Saved data entries
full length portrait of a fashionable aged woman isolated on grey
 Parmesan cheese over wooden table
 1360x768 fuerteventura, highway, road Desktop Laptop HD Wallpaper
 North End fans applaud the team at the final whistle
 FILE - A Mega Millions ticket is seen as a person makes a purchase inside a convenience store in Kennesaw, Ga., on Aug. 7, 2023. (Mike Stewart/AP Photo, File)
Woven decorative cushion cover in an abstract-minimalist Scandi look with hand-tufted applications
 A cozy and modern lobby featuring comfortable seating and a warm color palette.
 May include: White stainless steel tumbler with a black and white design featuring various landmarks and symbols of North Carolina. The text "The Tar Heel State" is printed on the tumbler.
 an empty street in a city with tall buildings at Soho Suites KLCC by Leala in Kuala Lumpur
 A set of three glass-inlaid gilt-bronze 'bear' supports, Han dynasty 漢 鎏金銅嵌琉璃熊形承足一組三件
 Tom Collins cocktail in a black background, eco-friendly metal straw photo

## [What to produce]
Word for word, extract all the records.

## [Your solution]
full length portrait of a fashionable aged woman isolated on grey
 Parmesan cheese over wooden table
 1360x768 fuerteventura, highway, road Desktop Laptop HD Wallpaper
 North End fans applaud the team at the final whistle
 FILE - A Mega Millions ticket is seen as a person makes a purchase inside a convenience store in Kennesaw, Ga., on Aug. 7, 2023. (Mike Stewart/AP Photo, File)
Woven decorative cushion cover in an abstract-minimalist Scandi look with hand-tufted applications
 A cozy and modern lobby featuring comfortable seating and a warm color palette.
 May include: White stainless steel tumbler with a black and white design featuring various landmarks and symbols of North Carolina. The text "The Tar Heel State" is printed on the tumbler.
 an empty street in a city with tall buildings at Soho Suites KLCC by Leala in Kuala Lumpur
 A set of three glass-inlaid gilt-bronze 'bear' supports, Han dynasty 漢 鎏金銅嵌琉璃熊形承足一組三件
 Tom Collins cocktail in a black background, eco-friendly metal straw photo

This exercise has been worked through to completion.